We could also go to the extremes that the Python community goes to in order to distribute manylinux
binary wheels if we so desire:
The pypa makes containers available for the various manylinux
build environments.
@axtimwalde: While I know your use case is Fiji and the distribution of binary artifacts via the Fiji update sites our use would very much benefit from shipping the relevant JAR dependencies. This is in keeping with what the SciJava community has done for jxrlib, hdf5, jpeg turbo, etc. with library loading via https://github.com/scijava/native-lib-loader.
@chris-allan thanks for the insight! Do you mean shipping binaries inside jars? I don't like this for how it requires a dedicated jar for every platform or includes every platforms binary inside a giant jar. Or am I missing something?
Also, on all Linuxes that I know of, it is super convenient to install blosc, e.g. sudo apt install libblosc1
, so for all applications that have a deb or rpm package, or ANY dependency aware package manager, there wouldn't be a real problem. Unfortunately, the Fiji app started off as this old-school 'download-and-run' thing, then realized that it ships packages, then aimed to become its own package manager... you know the history. The state it is in right now is somewhere significantly short of the established package management systems but it runs on a bunch of heterogeneous platforms and we have to find some ways to deal with it while it may get better. The least common denominator idea is certainly workable. I compiled libblosc-1.18.1 on Scientific Linux 7.3 yesterday and that seems to work on the CentOS something that we got complaints about as well as on my Ubuntu 20.04. So may be we do not have a real problem at this time. I would still be interested in solutions that could be workable in such corner cases and would like to know if statically linking the questionable libraries would (a) work, and (b) not cause other problems.
Do you mean shipping binaries inside jars? I don't like this for how it requires a dedicated jar for every platform or includes every platforms binary inside a giant jar. Or am I missing something?
Yep, that's exactly what I mean. I know it's far from ideal but it is largely the established norm across the entire Java community.
Unfortunately, the Fiji app started off as this old-school 'download-and-run' thing, then realized that it ships packages, then aimed to become its own package manager... you know the history.

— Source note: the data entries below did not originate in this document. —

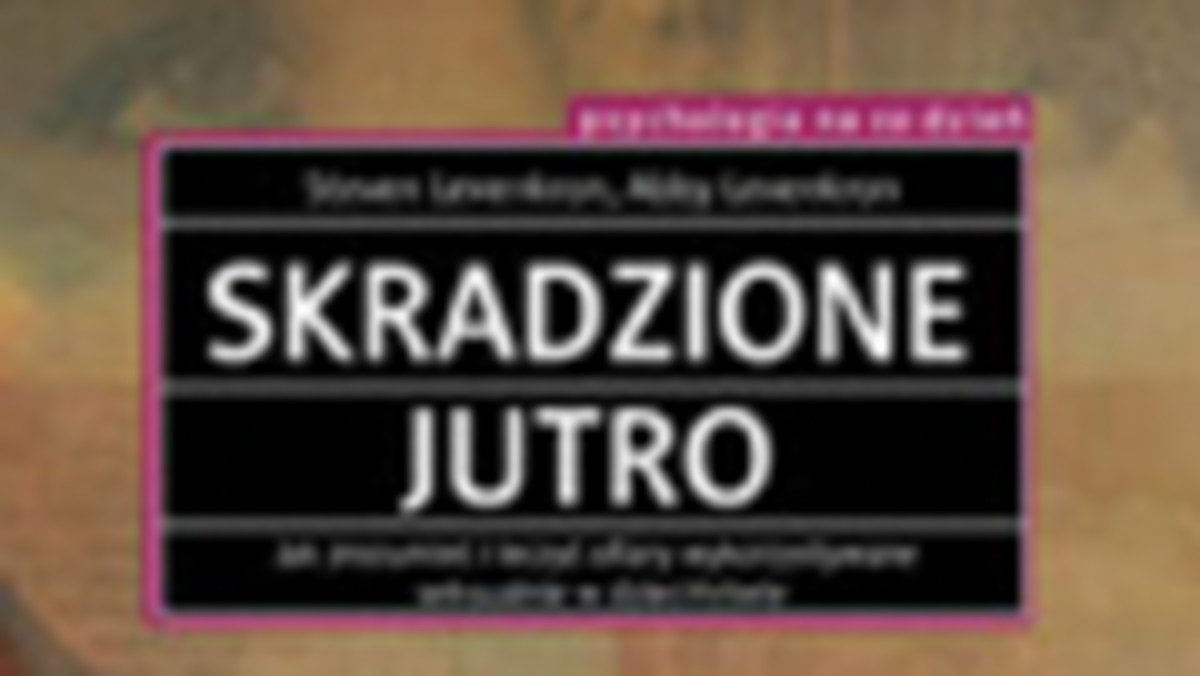 Wiele molestowanych w dzieciństwie kobiet przyznaje, że ,,czują się zbrukane". Niektóre partie ciała traktują jako skalane, niemoralne, odrażające. Dziewczynka, wykorzystana wbrew własnej woli, doświadczając gwałtu dochodzi do takiego wniosku na podstawie postępowania sprawcy. 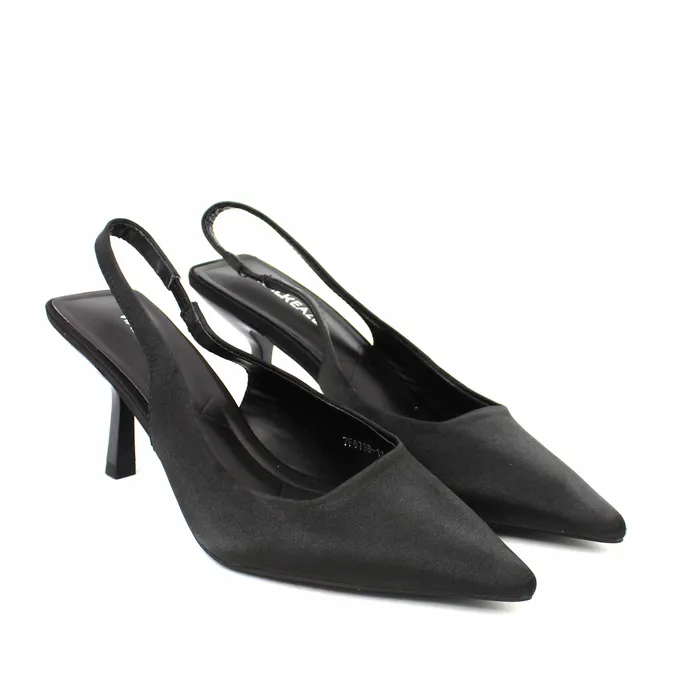 Walkeaze Women Formal CourtShoes 98345S Earrings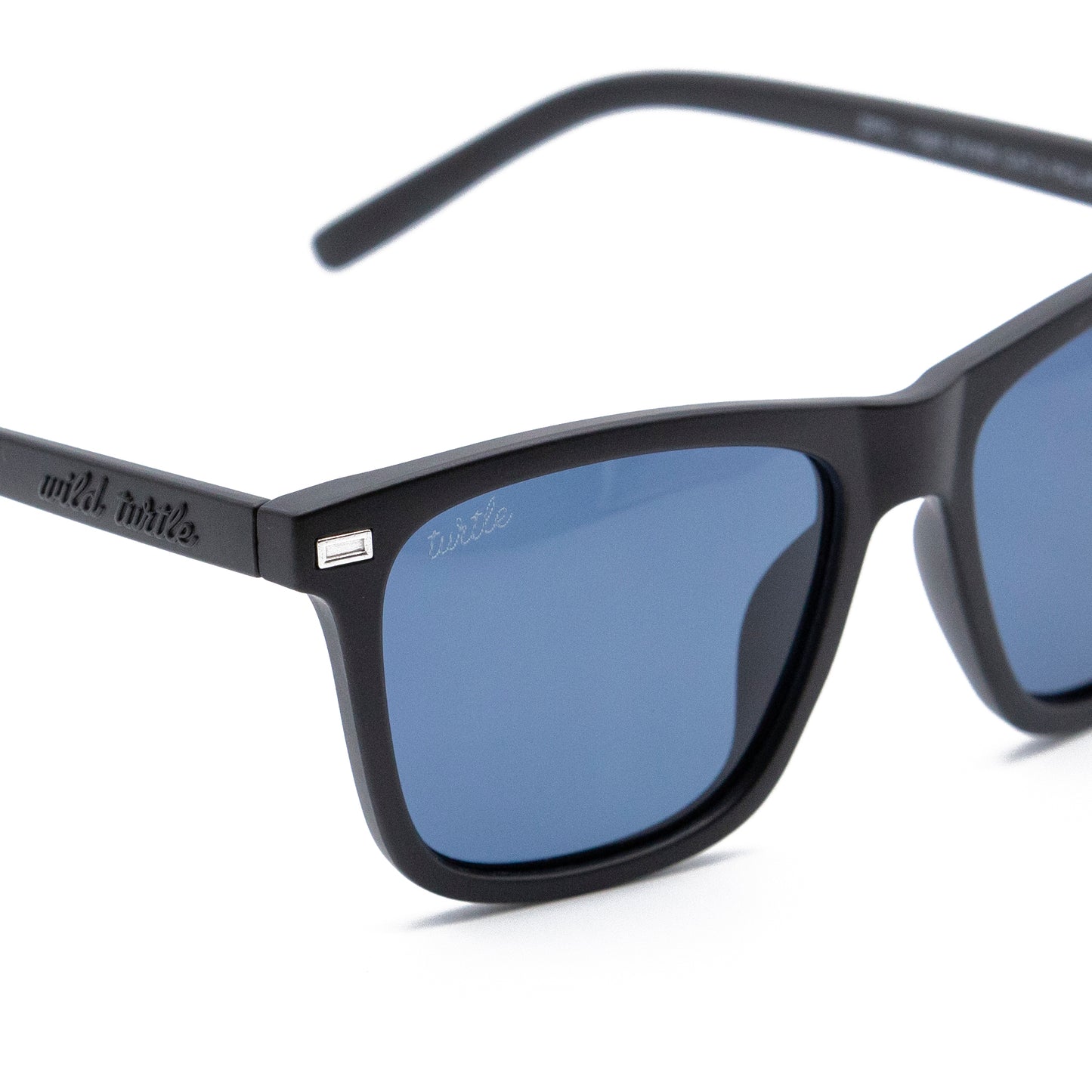 Gafas de Sol Polarizadas Wild Turtle Zippo Thunder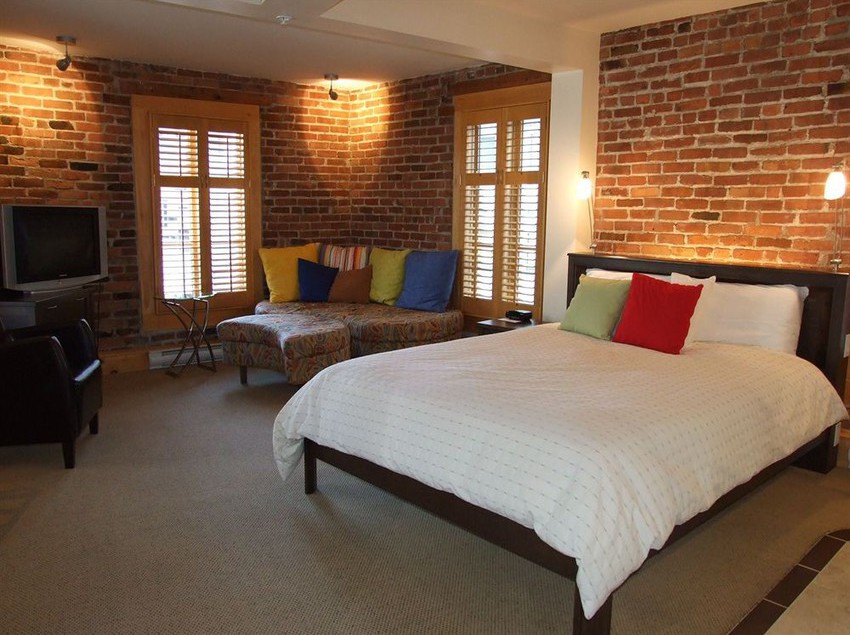 Hotel L'auberge Le Vincent | Quebec | Quebec | Canada 7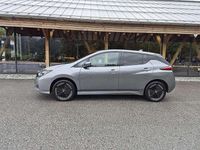 gebraucht Nissan Leaf e+ Acenta 62 kWh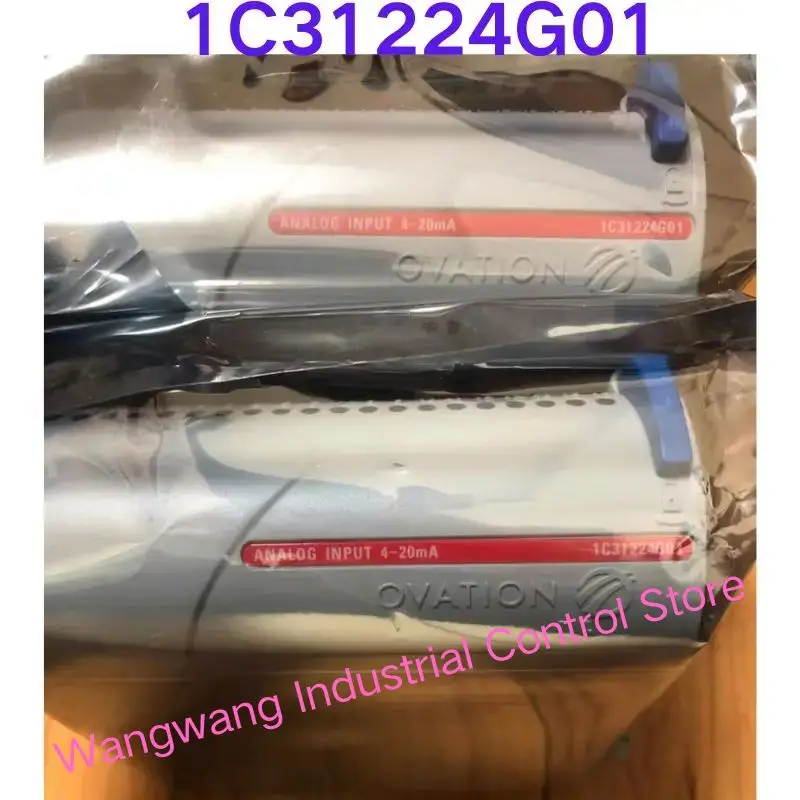 

Brand-new Westinghouse Card 1C31224G01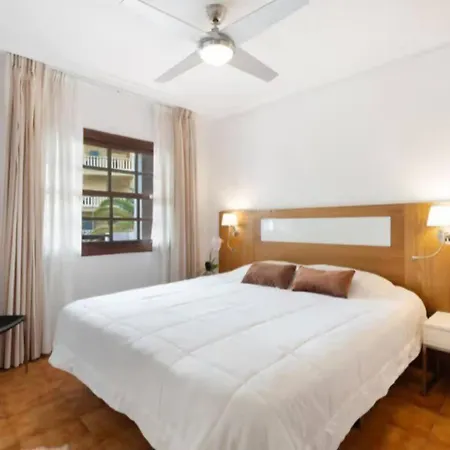 Albatros Park Appartement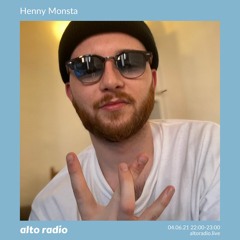 Henny Monsta - 04.06.21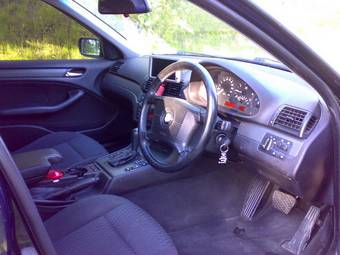 2000 BMW 3-Series Photos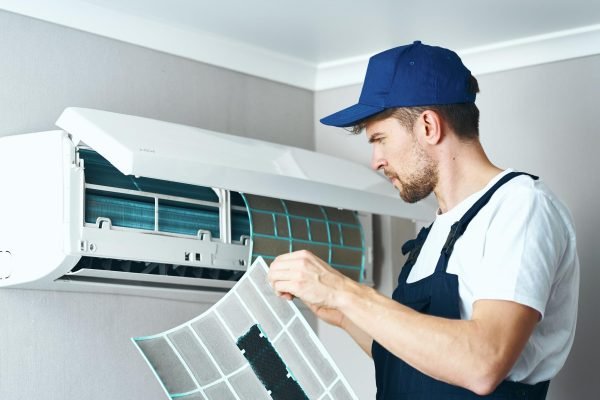 AC Services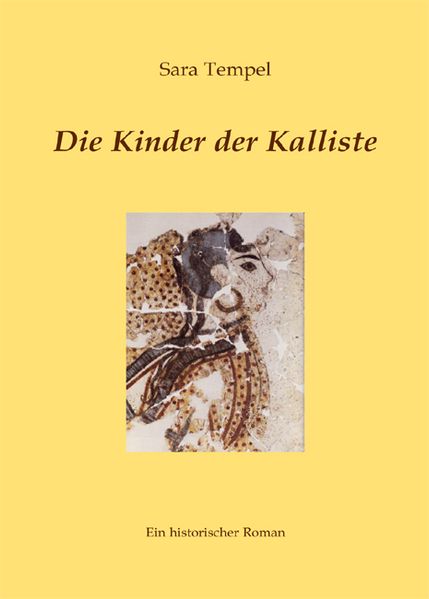 Cover von Die Kinder der Kalliste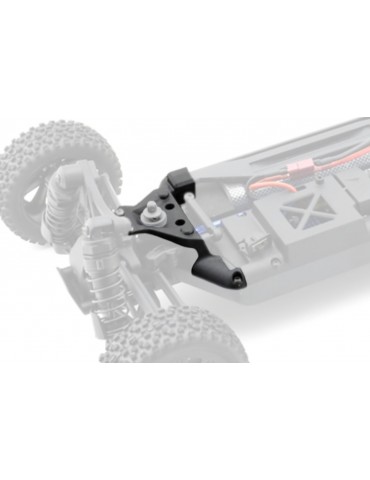 Front holder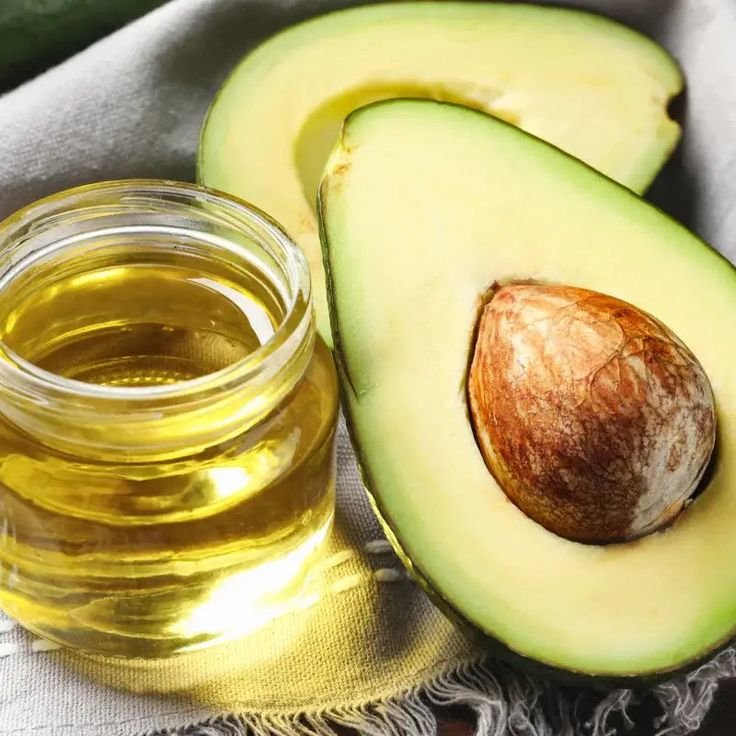 Avocado Oil Supply in Chennai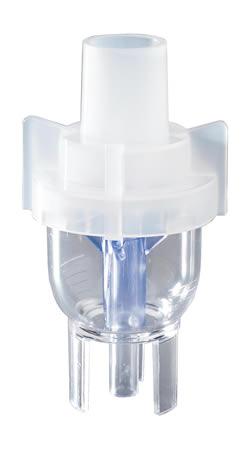 SUNMED VixOne Small Volume Nebulizers 963-0214 1 Each - MDL-TAH9630214H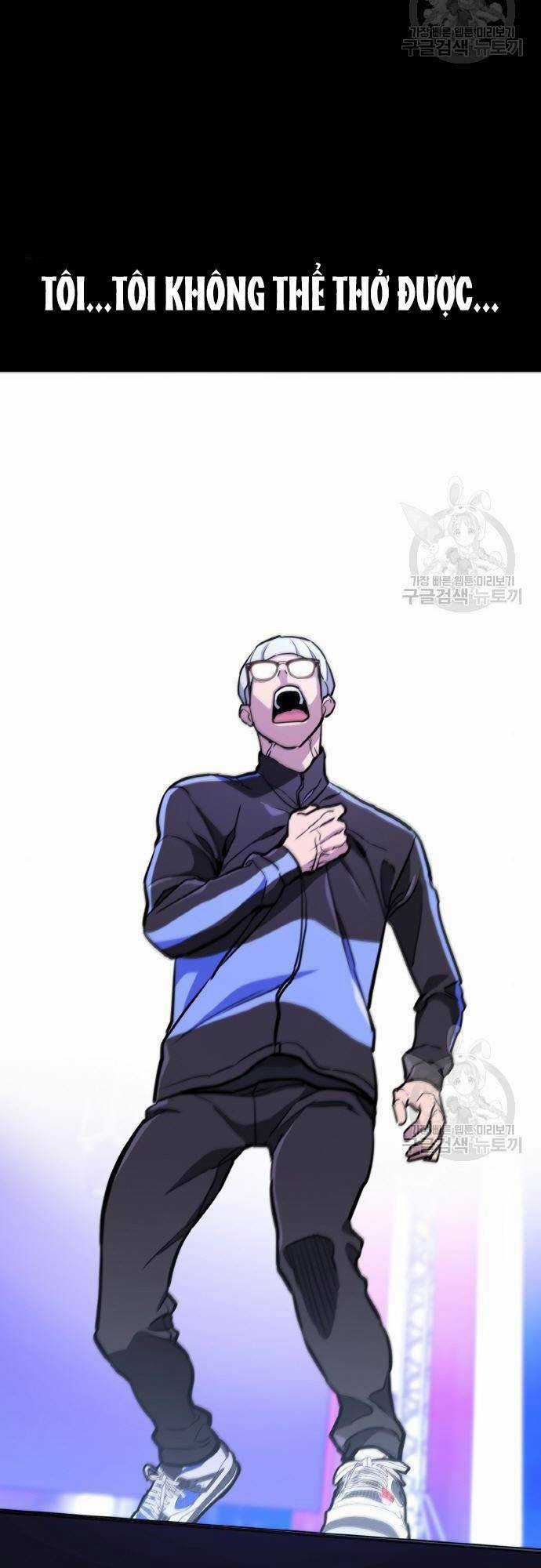 Ranker (2022) Chapter 9 trang 58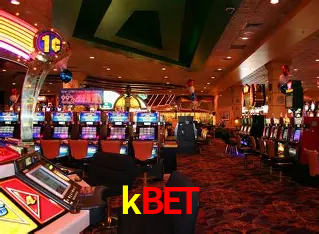 Descubra a Magia dos Jogos de Arcade no kbet
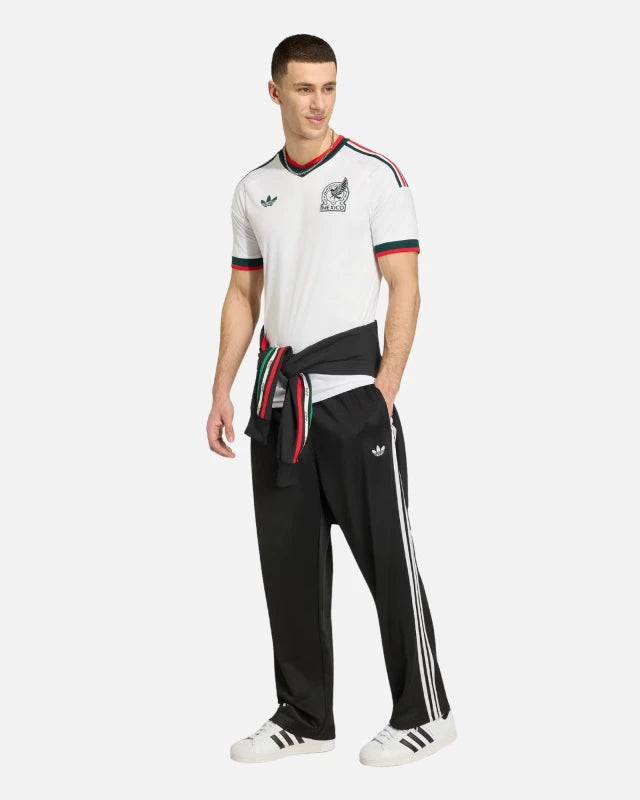 FootkornerMaillot Extérieur Mexique Coupe du Monde 2026 - Blanc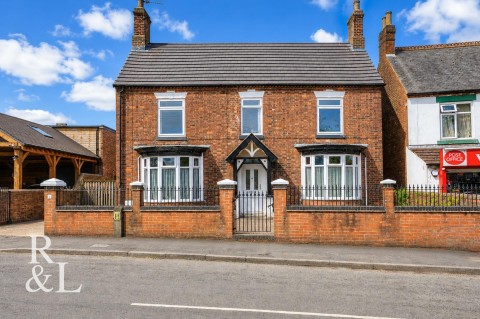 Property thumbnail image for Lullington Road, Overseal, Swadlincote
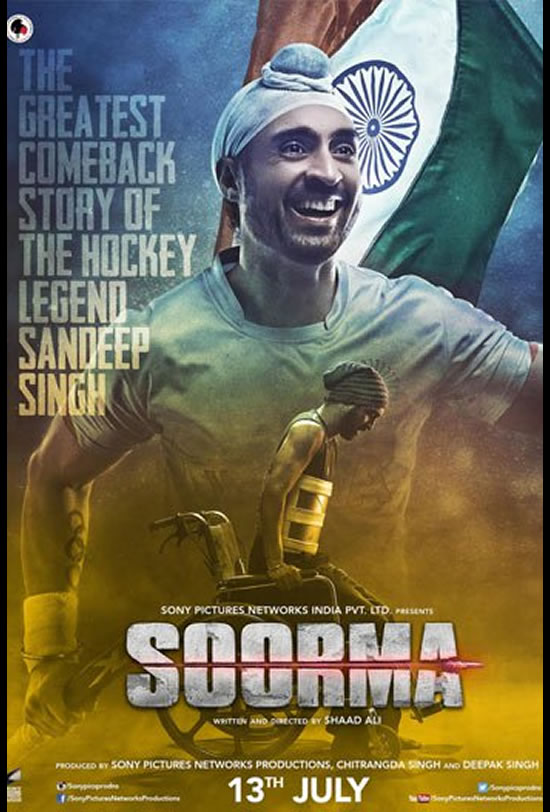 Soorma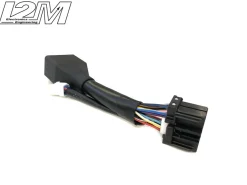 ADATTATORE PLUG & PLAY I2M PER CHROME LITE / PLUS E TPMS / CAN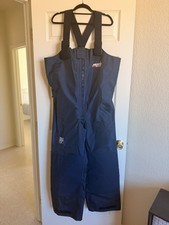 Salopette uomo vintage Musto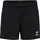 hmlGO Sweatshorts Kinder 2001 black 128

The state it is in right now is somewhere significantly short of the established package management systems but it runs on a bunch of heterogeneous platforms and we have to find some ways to deal with it while it may get better.
I'm certainly well aware of the history. :) It's unfortunate we have some difficulties but I think the decisions we all made trading off user convenience for developer and system adminstrator convenience were worth it.
The least common denominator idea is certainly workable. I compiled libblosc-1.18.1 on Scientific Linux 7.3 yesterday and that seems to work on the CentOS something that we got complaints about as well as on my Ubuntu 20.04.
For Linux at least, glibc backward ABI compatibility has been a guarantee for a very long time. This is primarily achieved by symbol versioning. GCC libstdc++ is a little trickier but it has been backwards compatible with no ABI breaks for ~10 years (since the 3.3 to 3.4 migration). So, if you compile on the least common denominator Linux wise you should be good. Microsoft guarantees no such backwards compatibility for C++ which is why a lot of people have several (I've got about 15) Visual C++ Redistributable runtimes installed on their systems.